Neutral and Stable Equilibria of Genetic Systems and The Hardy-Weinberg Principle: Limitations of the Chi-Square Test and Advantages of Auto-Correlation Functions of Allele Frequencies

Since the foundations of Population Genetics the notion of genetic equilibrium (in close analogy to Classical Mechanics) has been associated to the Hardy-Weinberg (HW) Principle and the identification of equilibrium is currently assumed by stating that the HW axioms are valid if appropriate values of Chi-Square (p<0.05) are observed in experiments. Here we show by numerical experiments with the genetic system of one locus/two alleles that considering large ensembles of populations the Chi-Square test is not decisive and may lead to false negatives in random mating populations and false positives in nonrandom mating populations. As a result we confirm the logical statement that statistical tests can not be used to deduce if the genetic population is under the HW conditions. Furthermore, we show that under the HW conditions populations of any finite size evolve in time according to what can be identified as neutral dynamics to which the very notion of equilibrium is unattainable for any practical purpose. Therefore, under the HW conditions equilibrium properties are not observable.
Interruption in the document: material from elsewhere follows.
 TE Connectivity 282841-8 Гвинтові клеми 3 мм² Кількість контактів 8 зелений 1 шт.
We also show that by relaxing the condition of random mating the dynamics acquires all the characteristics of asymptotic stable equilibrium. As a consequence our results show that the question of equilibrium in genetic systems should be approached in close analogy to non-equilibrium statistical physics and its observability should be focused on dynamical quantities like the typical decay properties of the allelic auto correlation function in time. In this perspective one should abandon the classical notion of genetic equilibrium and its relation to the HW proportions and open investigations in the direction of searching for unifying general principles of population genetic transformations capable to take in consideration these systems in their full complexity.

💡 Research Summary

The paper revisits the long‑standing identification of Hardy‑Weinberg (HW) equilibrium with a mechanical notion of static balance and challenges the common practice of using a single‑point chi‑square (χ²) test (p < 0.05) to declare that a population satisfies HW conditions. Using extensive Monte‑Carlo simulations of a single‑locus, two‑allele system, the authors generate thousands of independent populations under two regimes: (i) strict random mating, which fulfills the classical HW assumptions, and (ii) a biased, non‑random mating scheme that favours homozygotes. For each generation they record allele frequencies (p, q) and genotype counts, compute χ² against the expected HW proportions, and evaluate the p‑value.
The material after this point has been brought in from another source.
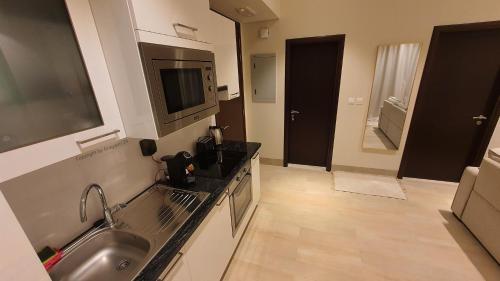 Kuchyň nebo kuchyňský kout v ubytování Jozefina Riviera Hawana Salalah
The first major finding is that even when the random‑mating assumptions are perfectly met, the χ² test frequently yields both false‑negative (p > 0.05) and false‑positive (p < 0.05) outcomes. The variability stems from finite‑population sampling noise, the choice of initial genotype distribution, and the fact that χ² is a snapshot statistic that ignores temporal dynamics. Consequently, the test cannot decisively confirm or reject HW equilibrium.

The second finding concerns the biased mating scenario. Here χ² almost always signals a deviation from HW (p < 0.05), yet the time series of allele frequencies shows a clear convergence toward a new stationary point. To capture this behaviour the authors compute the autocorrelation function of allele frequency, C(τ) = ⟨p(t)p(t + τ)⟩ − ⟨p⟩². Under random mating C(τ) decays extremely slowly or remains flat, indicating neutral dynamics: the population wanders indefinitely without a well‑defined equilibrium. By contrast, under biased mating C(τ) exhibits exponential decay with a characteristic time τ₀, demonstrating asymptotic stable equilibrium. This dichotomy mirrors concepts from non‑equilibrium statistical physics, where the presence of restoring forces (here, non‑random mating) creates a measurable relaxation time, whereas neutral drift lacks such a timescale.

From these results the authors draw two overarching conclusions. First, the detection of HW equilibrium should shift from static goodness‑of‑fit tests to dynamical diagnostics such as autocorrelation decay, spectral density analysis, or Markov transition matrices that quantify how quickly allele frequencies lose memory of their initial state. Second, because real populations are finite and never achieve perfect random mating, the classical HW “equilibrium” is, in practice, an unobservable idealization. In finite random‑mating populations the system is perpetually in a neutral drift regime, making the notion of a static equilibrium meaningless for empirical work.

The paper therefore advocates a paradigm shift: population genetics ought to adopt the language and tools of non‑equilibrium statistical physics, focusing on measurable dynamical quantities rather than on static genotype proportions. By doing so, researchers can develop unified principles that accommodate the full complexity of real genetic systems—including selection, migration, mutation, and assortative mating—without relying on the misleading inference that a low χ² automatically guarantees Hardy‑Weinberg equilibrium.